▶ _COLLECTED DATA_
-- -- --
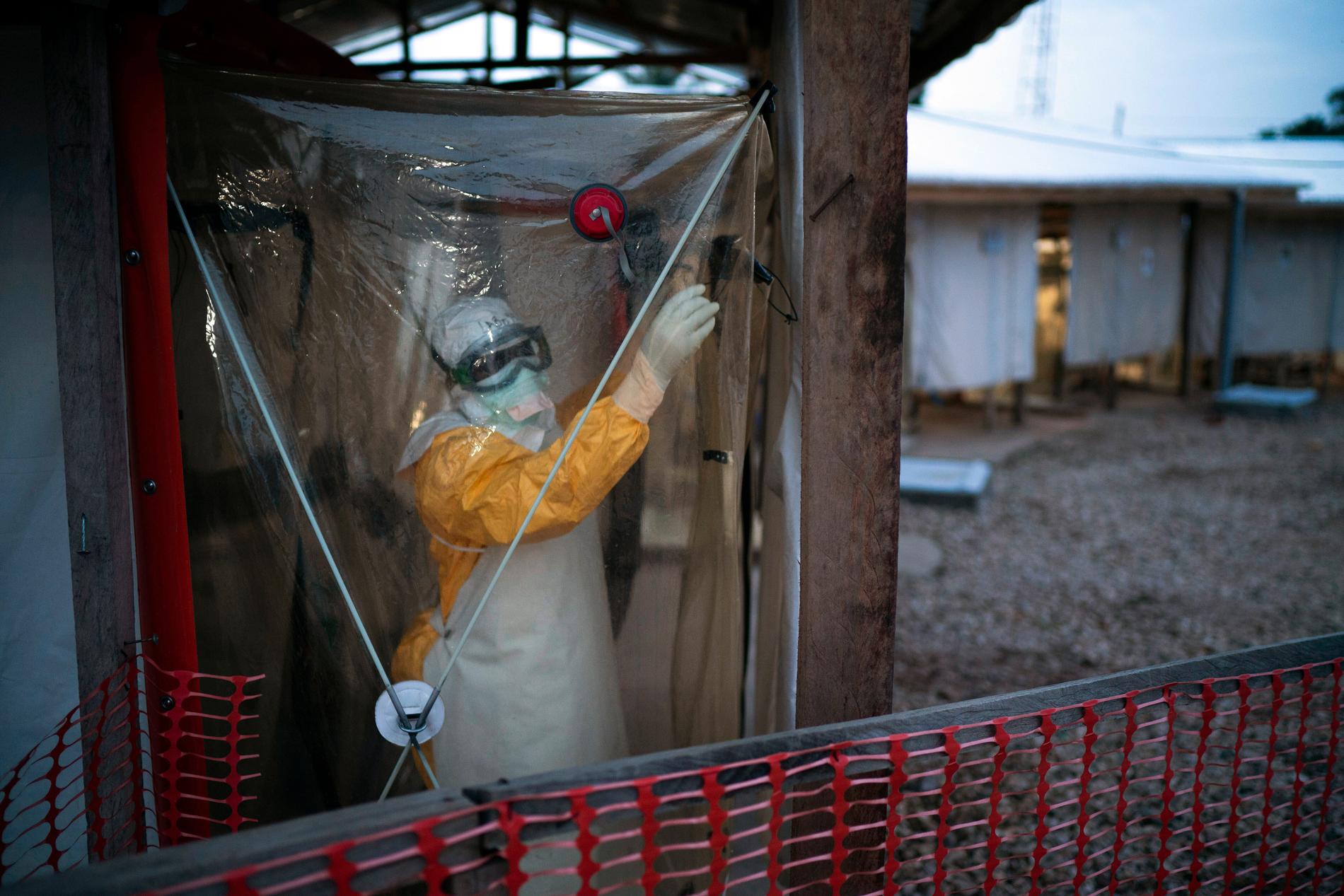 Insjuknade ebolapatienter isoleras i plasttält. Men det stora problemet är de som inte uppsöker vård vid de första symptomen, enligt WHO.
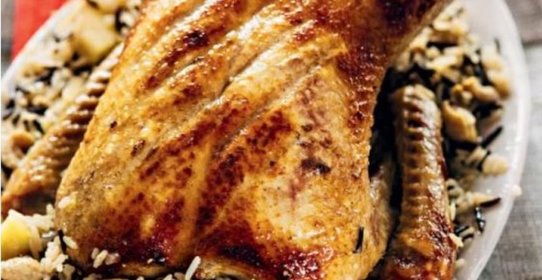 Фаршированная рисом утка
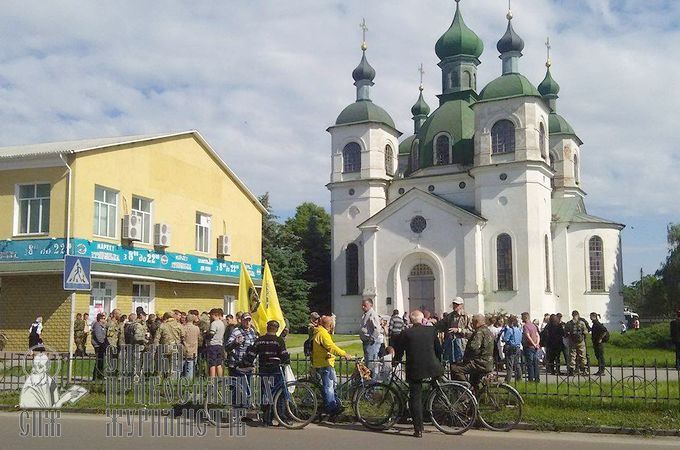 У Козельці «філаретівці» з добробатами зривають Хресний хід УПЦ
-- -- --
▶ _GOAL OF THE EXERCISE_
The data above is to be printed exactly, all of it, except for the pictures.

▶ _TASK ANSWER_
 Insjuknade ebolapatienter isoleras i plasttält. Men det stora problemet är de som inte uppsöker vård vid de första symptomen, enligt WHO.
 Фаршированная рисом утка
 У Козельці «філаретівці» з добробатами зривають Хресний хід УПЦ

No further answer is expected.